Alpha-glucosidase inhibitory activity has been commonly used for the evaluation of antidiabetic
property in vitro. The aim of this study is to investigate and characterize Dalbergia tonkinensis as a
potential source of antidiabetic compounds. The screening of the active parts used, such as trunk bark,
heartwood, and the leaves of Dalbergia tonkinensis indicated that all these extracted parts used with
methanol demonstrated potent α-glucosidase inhibitory activity. The in vitro antidiabetic property of
Dalbergia tonkinensis was notably recorded for the first time and showed activity (EC50 = 0.17–0.78 mg/mL)

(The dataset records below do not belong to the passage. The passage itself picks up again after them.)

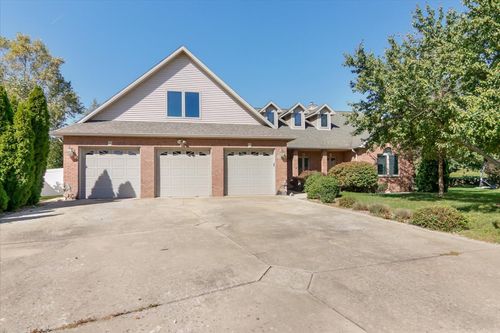 3002 Neaves Dr, Bloomington, IL, 61704-8686 | Card Image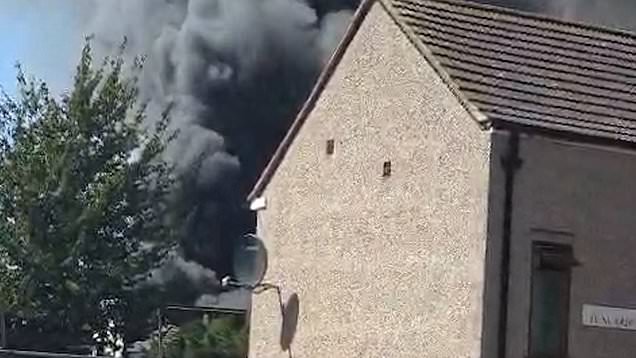 huge-barking-ripple-road-fire-seen-from-neighbouring-residential-road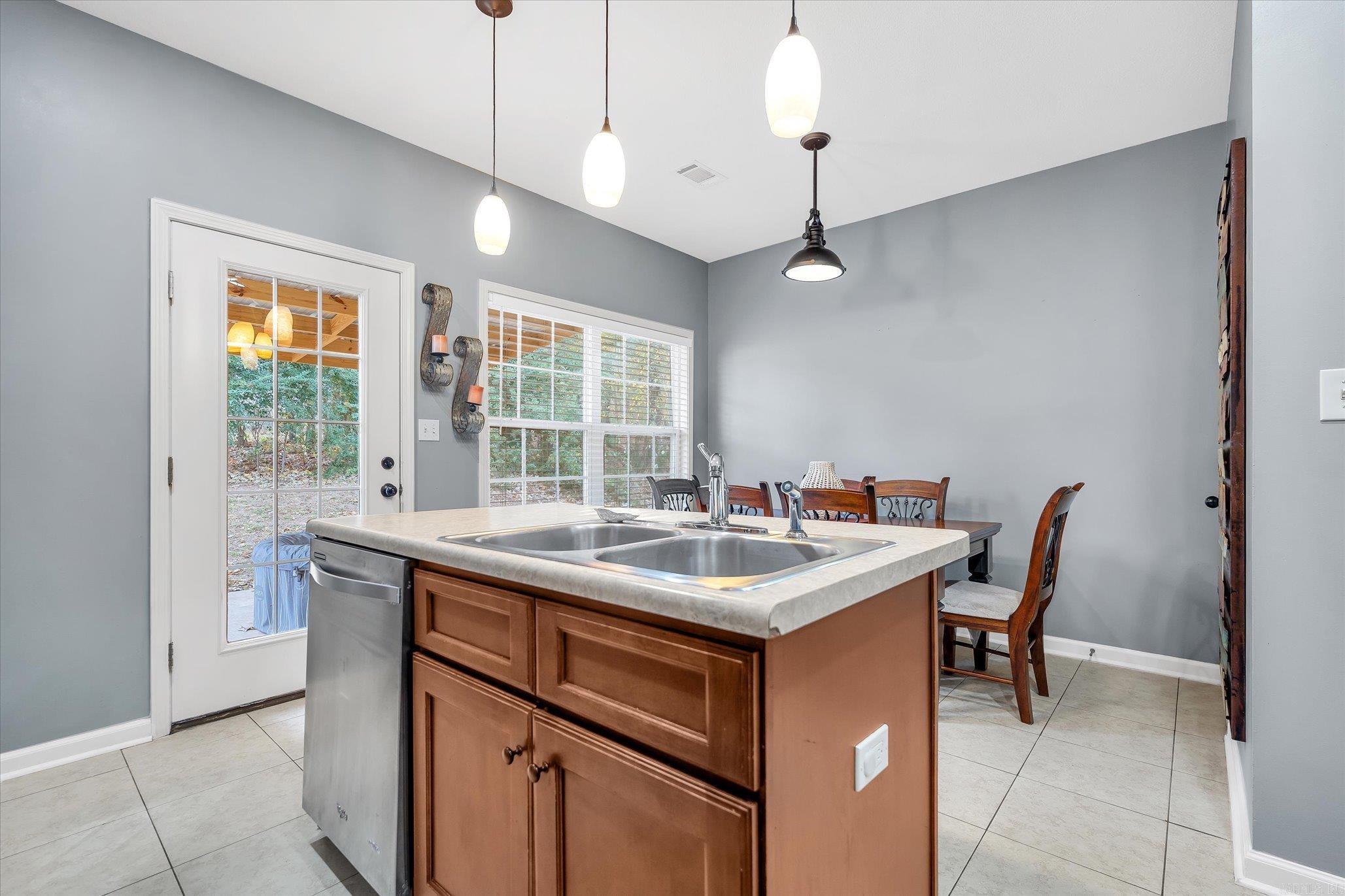 108 Hayden  Bono, AR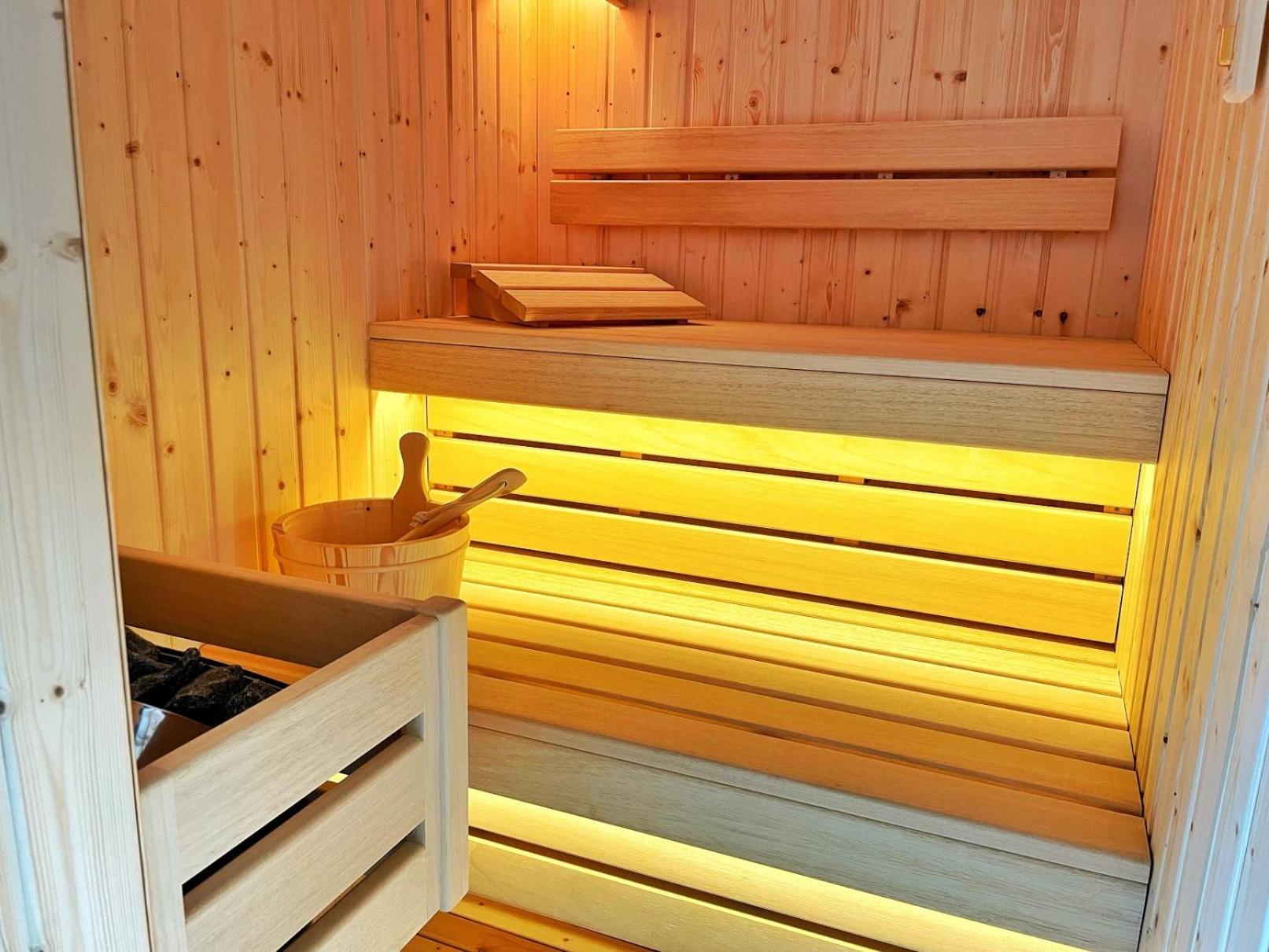 Superior Chalet - Photo 3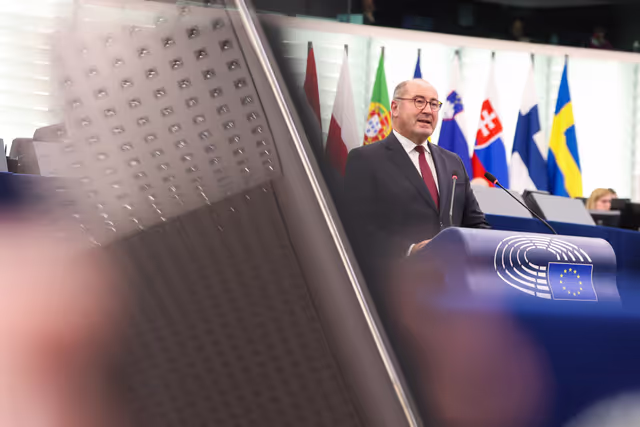 Photo 24 : EP Plenary session - Incentivising defence-related investments in the EU budget to implement the ReArm Europe Plan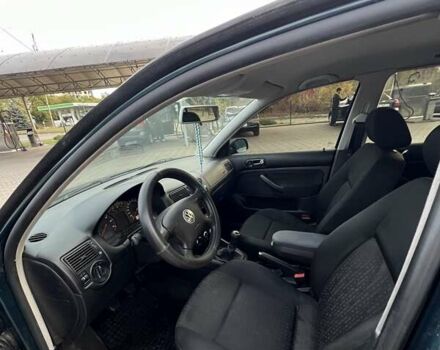 Зеленый Фольксваген Гольф, объемом двигателя 1.6 л и пробегом 298 тыс. км за 4799 $, фото 5 на Automoto.ua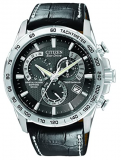 Citizen AT4000–02E Eco-Drive-Chronograph für Herren bei Amazon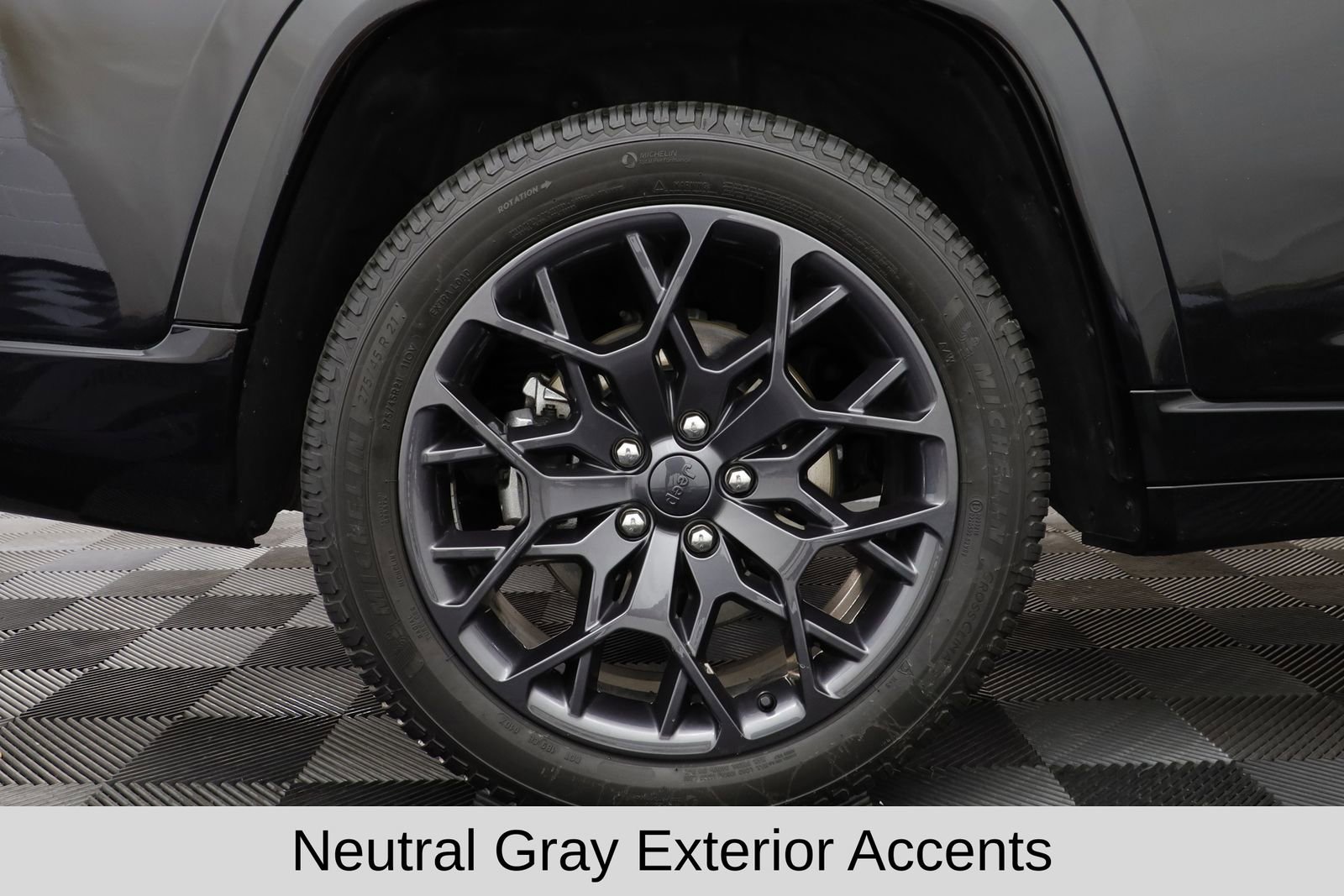 Used 2023 Jeep Grand Cherokee L Summit image 25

comparable to those of reported potent herbal extracts (EC50 = 0.25–4.0 mg/mL) and higher activity
than that of acarbose, a commercial antidiabetic drug (EC50 = 1.21 mg/mL). The stability tests revealed
that the heartwood of Dalbergia tonkinensis extract (HDT) possesses high pH stability with relative
activity in the range of 80–98%. Further bioassay-guided purification led to the isolation of 2 active
compounds identified as sativanone and formononetin from the ethyl acetate fraction and water
fraction of HDT, respectively. These α-glucosidase inhibitors (aGIs) show promising inhibition against
various types of α-glucosidases. Remarkably, these inhibitors were determined as new mammalian
aGIs, showing good effect on rat α-glucosidase. The results suggest that Dalbergia tonkinensis is a
potent source of aGIs and suggest promise in being developed as functional food with antidiabetic
efficacy. The results of this study also enrich our knowledge concerning current biological activity
and constituents of Dalbergia tonkinensis species.